_Records provided_
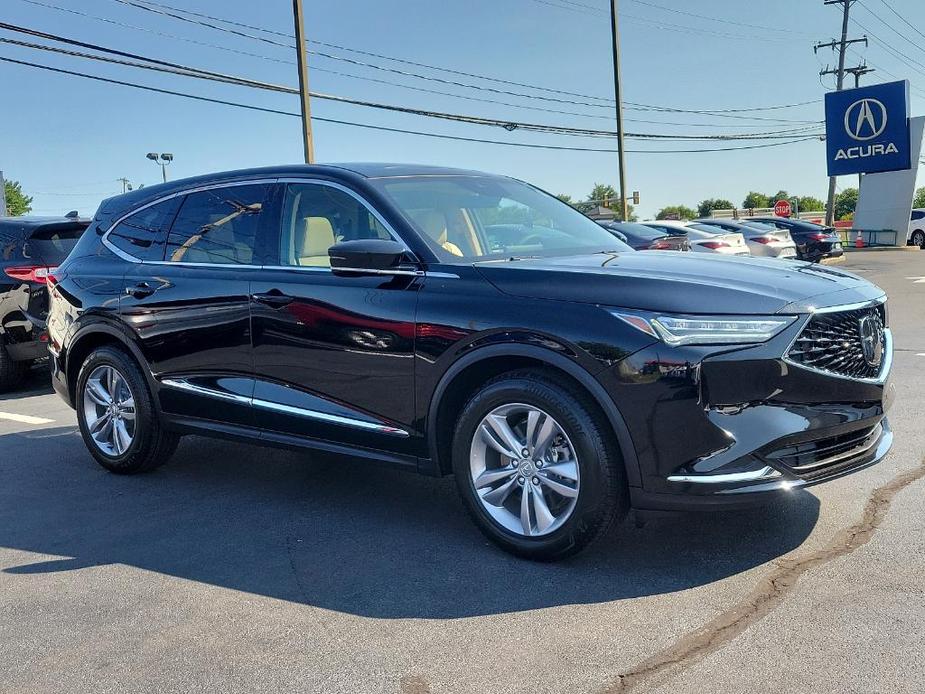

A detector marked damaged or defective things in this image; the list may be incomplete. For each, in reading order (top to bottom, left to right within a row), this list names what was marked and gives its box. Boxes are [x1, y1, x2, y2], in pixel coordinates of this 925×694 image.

crack in asphalt [600, 456, 924, 694]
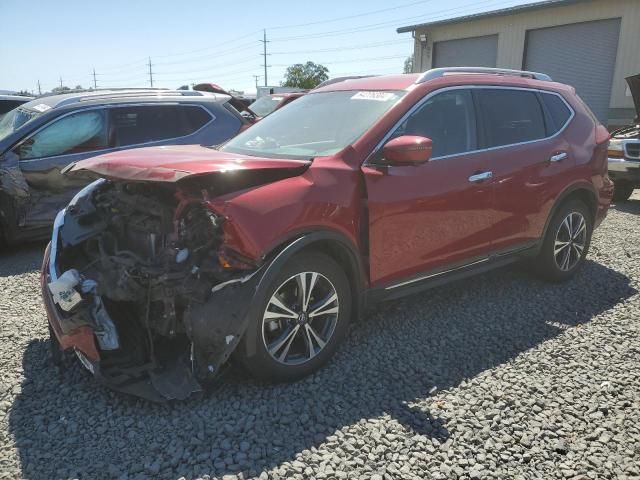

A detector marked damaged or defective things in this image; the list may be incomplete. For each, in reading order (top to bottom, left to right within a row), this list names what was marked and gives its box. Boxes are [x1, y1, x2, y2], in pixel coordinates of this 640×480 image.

crumpled hood [66, 144, 312, 182]
damaged front end [42, 178, 264, 400]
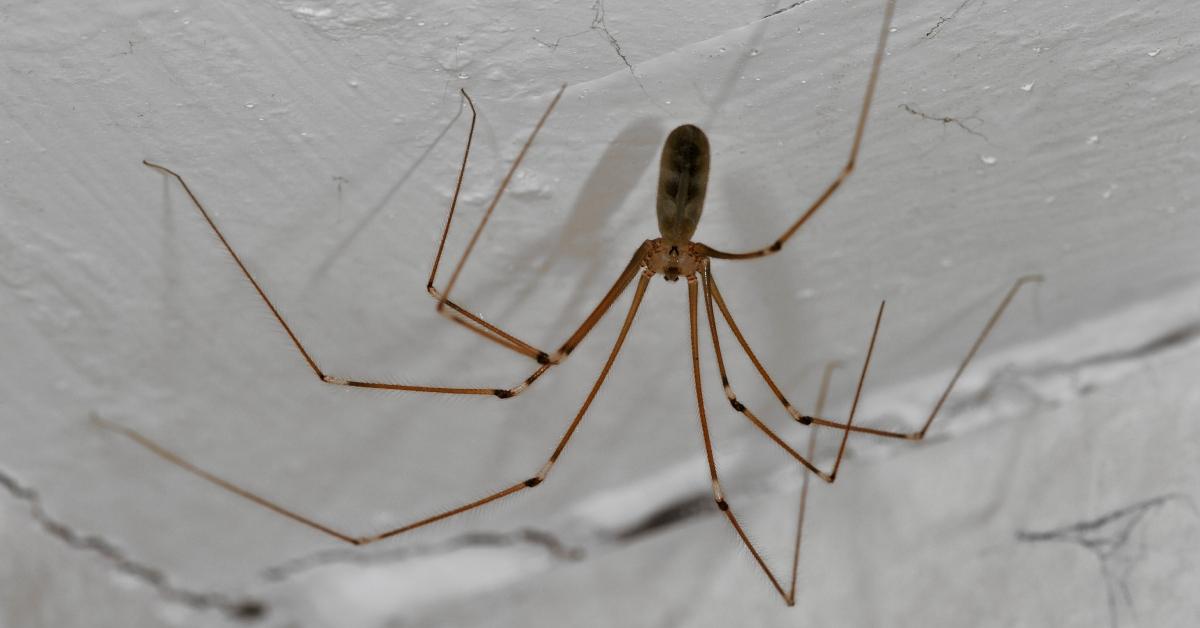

_Problem statement_
Please write out all of the data verbatim, with no pictures in the copy.

_Problem solution_
A detector marked damaged or defective things in this image; the list may be incomplete. For each, in reading order (top to bottom, left to right within a row), this list names what was marked and gives its box. Boxes are [x1, y1, x2, y2], in pixel coordinates of this 925×694 image.

crack in asphalt [600, 456, 924, 694]

A detector marked damaged or defective things in this image; the list may be incomplete. For each, in reading order (top to bottom, left to right within a row), this list names what was marked and gives its box. Boxes are [x1, y1, x2, y2], in pixel coordinates of this 640×480 image.

crumpled hood [66, 144, 312, 182]
damaged front end [42, 178, 264, 400]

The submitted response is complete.